In such a case, the topology calculating unit 20 identifies the paths for distributing “update” requests to the respective nodes 2 to 5, based on the location information. The topology calculating unit 20 then outputs the “update” request storing the path information indicating the identified paths to the internode request parallel-transmitting unit 21, as indicated by (7) in FIG. 5. In turn, the internode request parallel-transmitting unit 21 transmits the “update” request to the next node designated by the path information, as indicated by (8) in FIG. 5.

Referring now to FIG. 6, an example operation to be performed by the node 2 serving as a start node when having obtained an “updated” request is described. FIG. 6 is a diagram for explaining an example operation to be performed by a start node according to the first embodiment when having received an “updated” request. For example, when having obtained an “updated” request as indicated by (1) in FIG. 6, the request transmitter determining unit 11 outputs the “updated” request to the internode request receiving unit 14 as indicated by (2) in FIG. 6. In such a case, the internode request receiving unit 14 outputs the “updated” request to the internode request processing unit 15, as indicated by (3) in FIG. 6.

In turn, the internode request processing unit 15 deletes the pre-updated replica A1 from the data storing unit 16 as indicated by (4) in FIG. 6, and instructs the request issuing unit 17 to output a “Put” response. In such a case, the request issuing unit 17 causes the request issuance authorizing unit 18 to determine whether to output a “Put” response, as indicated by (5) in FIG. 6. When having obtained a notification to output a “Put” response, the request issuing unit 17 instructs the client location determining unit 22 to output a “Put” response, as indicated by (6) in FIG. 6.
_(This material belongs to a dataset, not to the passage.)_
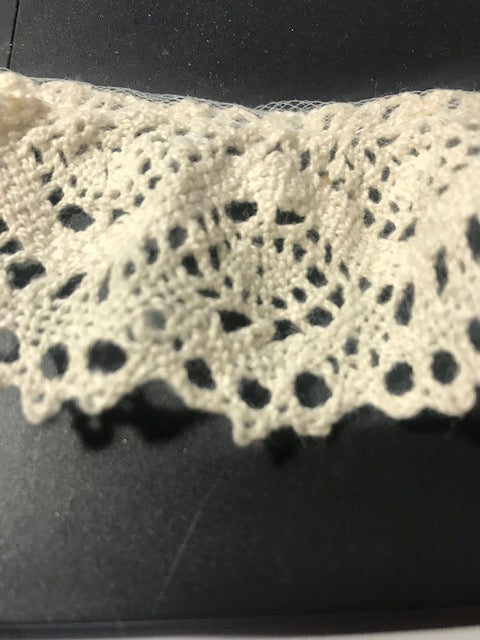 Lace beige-price per yard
In turn, the client location determining unit 22 obtains, from the client location storing unit 19, the location information about the client 7 to be the transmission destination of the “Put” response, and outputs the “Put” response and the obtained location information to the client request transmitting unit 23, as indicated by (7) in FIG. 6. In such a case, the client request transmitting unit 23 transmits the “Put” response to the client 7 via the network interface 10 and the IP network 8, as indicated by (8) in FIG. 6.

Referring now to FIG. 7, an operation to be performed by the node 5 operating as a terminal node is described. FIG. 7 is a diagram for explaining an example of a terminal node according to the first embodiment. The components having the same functions as those of the respective components 10 to 23 illustrated in FIG. 3 are denoted by the same reference numerals as those used in FIG. 3, and explanation of them will not be repeated below. Each of the other nodes 2 to 4 and the node 6 also includes the respective components illustrated in FIG. 7. That is, each of the nodes 2 to 6 can operate as the terminal node, depending on the stored replicas and the settings in the storage system 1.
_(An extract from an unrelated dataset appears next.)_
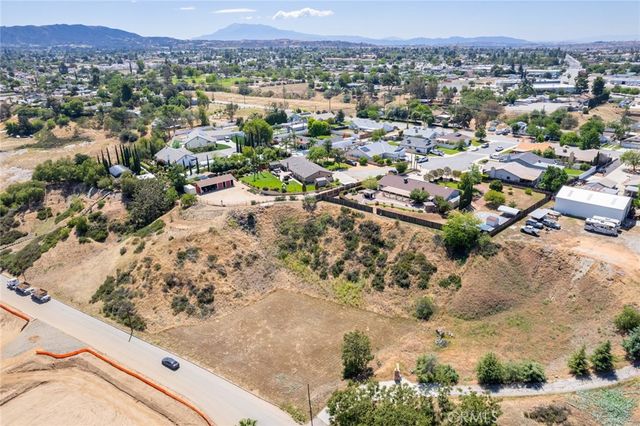13346 Rimview Court, Yucaipa, CA 92399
In the example illustrated in FIG. 7, the node 5 operating as the terminal node includes a request collecting unit 24 between the internode request receiving unit 14 and an internode request processing unit 15a. Therefore, the internode request receiving unit 14 outputs an “update” request and an “updated” request the node 5 has received from the nodes 3 and 4, to the request collecting unit 24, instead of the internode request processing unit 15a.

A network interface 10a, a request transmitter determining unit 11a, a client request receiving unit 12a, and a client request processing unit 13a have the same functions as the respective components 10 to 13 illustrated in FIG. 3. When having received a “Get” request from the client 7, the network interface 10a, the request transmitter determining unit 11a, and the client request receiving unit 12a transmit the received “Get” request to the client request processing unit 13a.

When having obtained the “Get” request, the client request processing unit 13a retrieves the data of the replica designated in the “Get” request, from the data storing unit 16. The client request processing unit 13a then outputs the retrieved replica data to a request issuing unit 17a, and instructs the request issuing unit 17a to transmit the data to the client 7.

In such a case, the client request processing unit 13a instructs the client request transmitting unit 23 to transmit the obtained data to the client 7, via the client location determining unit 22. The client request transmitting unit 23 then transmits the data to the client 7.

When having obtained an “update” request from the internode request receiving unit 14, the request collecting unit 24 analyzes the path information stored in the obtained “update” request, and determines whether the node 5 is the terminal node of the paths indicated by the path information. If the node 5 is the terminal node of the paths indicated by the path information, the request collecting unit 24 holds the obtained “update” request.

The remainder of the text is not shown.